By Steven Wright
In order to function and live well where I am, I occasionally feel a bit depressed and enviously recall the name of O.J. Simpson (as a once wonderful and presumably outstanding black man, and now a guy “who got away with it”). However, I immediately get over it and make myself feel better. I start this piece by saying that reality in a profound and personal way. Who among us does not occasionally face pessimistic jags and obstacles in the road that they must overcome from scratch? Naturally, it is a component of existence and life. But even those who appear to have nothing going for them in a favorable way and everything working against them must turn those terrible pessimistic lemons into good optimistic lemonade (yet).
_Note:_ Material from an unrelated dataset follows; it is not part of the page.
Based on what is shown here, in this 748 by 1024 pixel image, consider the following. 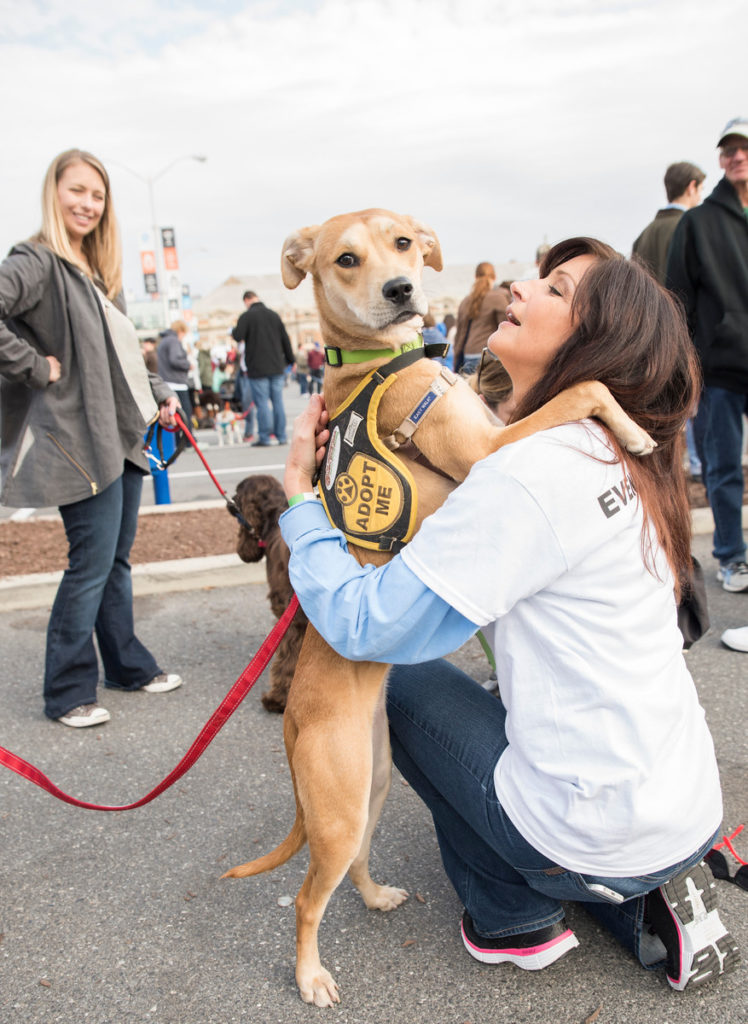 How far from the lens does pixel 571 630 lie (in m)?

The naked bones and the ground up are what I mean when I say that we must first be honest with ourselves. Despite how difficult it may be, we must acknowledge our flaws, pessimism, and harmful tendencies. In order to properly solve them and develop inner strength and positive self-esteem within ourselves, they must be acknowledged. It seems sense that in order to be totally present to ourselves, we must also be fully realistic about both our strengths and weaknesses. Without those acknowledgments, we are actually looking in the dark for our light.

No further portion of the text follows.